Бобриков был неотвязчивым кошмаром всей жизни Сократа Исидоровича, кошмаром, от которого нельзя было проснуться. Разумеется, для любого уважающего себя Боброва соседство какого-то фельетонного Бобрикова само по себе неприятно, но когда соседство это возникает в литературе, где всякая фамилия на слуху, неприятности увеличиваются тысячекратно. Надо ли говорить о том, сколько по такому случаю сочинено было злых эпиграмм, сколько язвительных шуток и шпилек отпускалось по этому ничтожному, в сущности, поводу… И даже когда в прежние времена на серьезных конференциях и совещаниях председательствующий объявлял: «Слово предоставляется товарищу Боброву. Приготовиться Бобрикову…» — дружный веселый ропот неизбежно пробегал по рядам, и Сократ Исидорович, поднимаясь на трибуну, чувствовал себя в эти мгновения поруганным и обесчещенным.
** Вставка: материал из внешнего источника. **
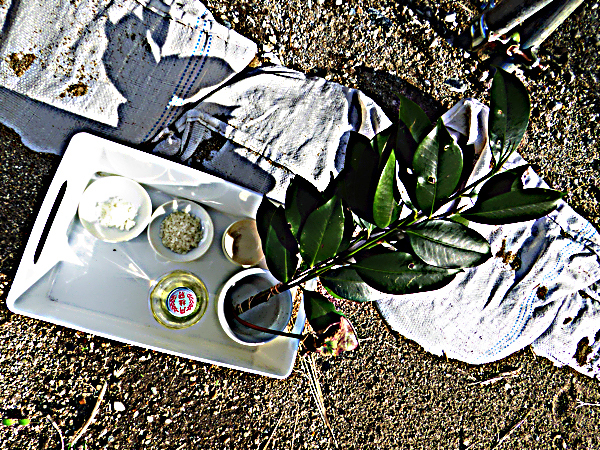 f:id:PANALI:20191023222822j:plain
В иные минуты Сократ Исидорович подумывал даже о дуэли и жалел, что нынешний век не допускает поединков и барьеров, но, во-первых, телом он был вдвое тучнее, а значит, и вдвое уязвимее для пули, а во-вторых, даже при успешном исходе поединка, все равно роковое сочетание фамилий обесценивало подвиг. «Дуэль Боброва с Бобриковым…» Пошлейший фельетон, да и только!
Подлец Бобриков в долгу не оставался, и со своей стороны всеми способами, прямо и косвенно, старался навредить сопернику. Если Сократа Исидоровича, честно отстоявшего свою очередь, выдвигали, положим, на республиканскую премию, то Степан Игнатьевич Бобриков непременно всеми неправдами просачивался в этот же список и рушил дело. Когда же случались творческие командировки за границу… Впрочем, что говорить, даже и в нынешнюю поездку Бобриков отправился подложно, по чужому билету, вместо запланированного и утвержденного поэта Шалого, которого самым подлым образом спаивал перед тем в течение трех суток и довел до состояния невменяемого…
Обнаружив своего врага в поезде, Сократ Исидорович Бобров решительно и тотчас взялся собирать вещи и, честное слово, сошел бы, непременно сошел, но ему вспомнился размер обещанного гонорара за содействие в выборах мэра Каинска, и это побочное соображение остановило его порыв…
«Надо претерпеть», — сказал себе Сократ Исидорович и опустился на место.
И за такое смирение судьба все-таки вознаградила его, ибо впоследствии Сократ Исидорович хоть и на краткий миг, но испытал сладость совершившейся мести. Дело в том, что когда прибывший писательский десант был доставлен на спецавтобусе в лучшую гостиницу города, где для всех забронированы были отдельные одноместные номера, неожиданно в холле появился поэт Шалый, каким-то непостижимым способом, едва ли не на военном самолете, добравшийся до Каинска.
Самозванец Бобриков, заполнивший уже все анкеты и протягивающий паспорт администратору, был остановлен.
— Извините, уважаемый Степан Игнатьевич, — вежливо сказала администраторша, — но этот номер предназначен для Шалого… Других же номеров у нас нет и не предвидится. Может быть, кто-то из ваших товарищей согласится приютить вас на кушетке… Ведь одна ночь всего…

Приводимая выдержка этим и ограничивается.